══ Source material

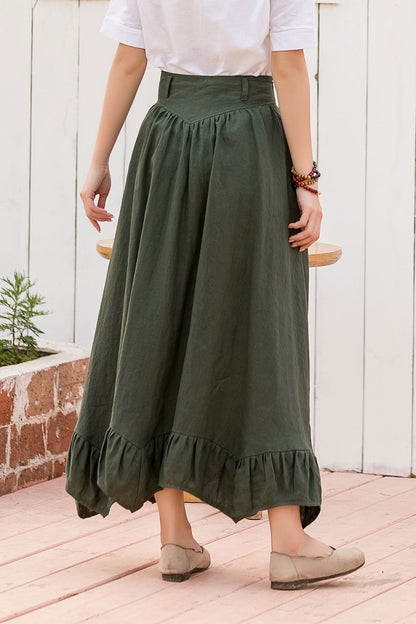 Green Linen Skirt - Asymmetrical Pleated High Waist Circle 2808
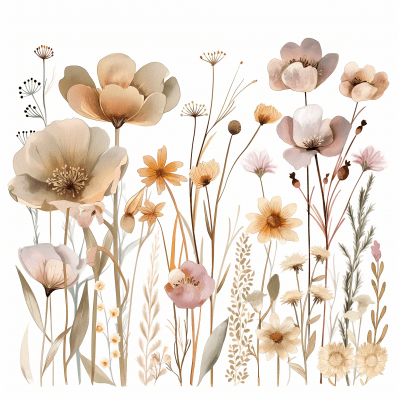 Watercolor Airbrush Wildflowers Clipart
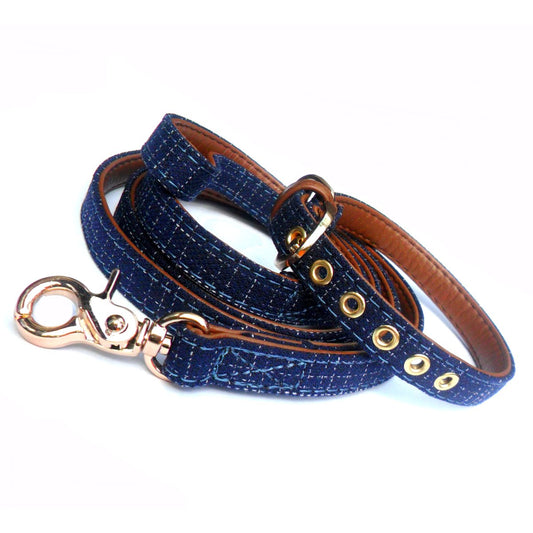 Blue Fabric & Brown Dog Collar Lead Set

════

- _About this task_
Type out the data above once more, exactly, with no images included.

- _Result of this task_
 Green Linen Skirt - Asymmetrical Pleated High Waist Circle 2808
 Watercolor Airbrush Wildflowers Clipart
 Blue Fabric & Brown Dog Collar Lead Set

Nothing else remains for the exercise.